Porto Alegre: la cité de la jeunesse, une utopie en construction

Porto Alegre: la cité de la jeunesse, une utopie en construction


Au coeur du 2e Forum Social Mondial de Porto Alegre, le Comité de la jeunesse avait organisé sa Cité alternative dans le «Parque da Harmonia». Cette année, le Campement Inter-continental de la jeunesse a réuni plus de 15000 jeunes, issus de quarante pays des cinq continents.



Parmi les 15000 participant-e-s, les organisateurs/trices ont dénombré 45 % de femmes, 87% de Brésilien-nes et 13% d’étrangers, dont 70% de Latino-Américains, 22% d’Européens, 6% de Nord-Américains et 2% d’autres continents. En réalité, une grande partie des jeunes Européens et Nord-Américains qui ont pris part au FSM, n’étaient pas inscrits au Campement de la jeunesse. Leur participation réelle au 2e FSM paraît donc sensiblement sous-évaluée par ces chiffres. A noter que 2e le Campement intercontinental de la jeunesse a rassemblé un certain nombre de protagonistes européens des mouvements contre la mondialisation néolibérale qui, de Seattle à Gênes, ont dynamisé les grandes journées de résistance et lancé un débat international sur les revendications du mouvement, ainsi que sur ses formes de lutte et d’organisation.



Cette année, le Campement Intercontinental de la Jeunesse avait décidé d’expérimenter directement des alternatives concrètes, sur le terrain: bio-construction, autogestion, démocratisation des moyens de communication et des ressources culturelles, alimentation non industrielle, etc.



Nous reproduisons ici un extrait du document de bilan provisoire, que vient d’élaborer le Comité de la jeunesse du FSM.

Réd.

Au milieu des décombres d’un monde en décomposition, nous avons trouvé un espace pour rêver, créer, danser, penser, apprendre la nécessité de globaliser la résistance et l’espérance. Nous avons trouvé à Porto Alegre une ville libre, où les générations, les genres, les ethnies, les religions et les nationalités ont formé une mosaïque humaine démocratique, exprimant des aspirations collectives, respectant l’ensemble des différences et construisant des alternatives.

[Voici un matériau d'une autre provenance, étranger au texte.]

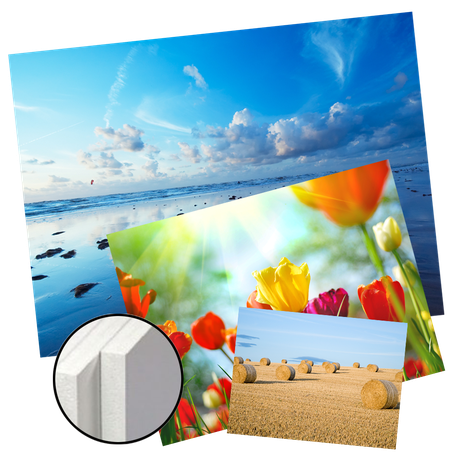 Foto Op Forex Grobet Foto - 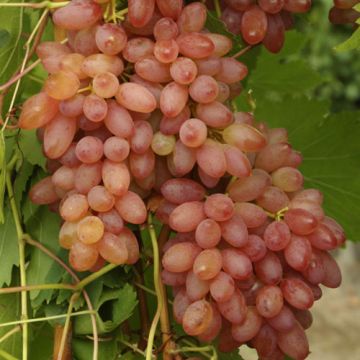VITE DA TAVOLA AMETISTA Argentina (Apirena) - 9VT49-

Nous avons vécu une rencontre de générations. De celles qui ont contesté les expériences du communisme bureaucratique et des totalitarismes, de celles qui ont vu tomber le Mur de Berlin et ont grandi sur ses ruines, voyant triompher le capitalisme néolibéral et ses valeurs individualisantes, qui ont transformé la vie en marchandise et l’être humain en objet. Une période qui s’est présentée comme la «fin de l’histoire», alors qu’elle n’annonce que la fin du capitalisme.

Auto-émancipation

Des séquelles du passé demeurent encore, parmi celles et ceux qui accréditent encore les vieilles formules comme le culte de la personnalité ou la croyance que le despotisme éclairé peut sauver l’humanité, mais aussi parmi celles et ceux qui veulent réformer le capitalisme ou ses armatures (FMI, Banque Mondiale, OMC, etc.). Mais, portant notre regard au-delà, nous avons élevé la voix pour dire que nous voulions un monde libre, sans maîtres, que nous voulions une véritable émancipation, une auto-émancipation. Nous poursuivons une utopie, un lieu dans lequel l’exploitation des travailleurs/euses, l’oppression des femmes, des noirs, des immigrant-e-s, l’aliénation, la réification, l’Etat et le capital soient tous abolis.



A Porto Alegre, nous avons tenté de construire une Cité selon tous les principes dont nous rêvons pour une nouvelle société. Nous l’avons appelée «Cité de la jeunesse: Carlo Giuliani».1 Une cité construite par de nombreuses mains, faisant appel aux techniques de bio-construction, qui ont un impact réduit sur l’environnement, tablant sur le travail solidaire et la coopération des jeunes, des travailleurs/euses, des chômeurs/euses (MTD), des Sans Terre (MST). Une cité dans laquelle les moyens de communication seraient accessibles à toutes et tous, et non le monopole de quelques uns; où la culture serait l’essence de la contestation, produite par nous-mêmes et non mercantilisée et aliénée. Une cité sans pouvoir institué, sans Etat, mais autogérée, auto-organisée. Une cité qui ne réprimerait pas l’usage des drogues, mais informerait et avertirait sur ses risques. Une cité où les seules limites seraient la subordination de la liberté de chacun-e à la bonne intelligence collective.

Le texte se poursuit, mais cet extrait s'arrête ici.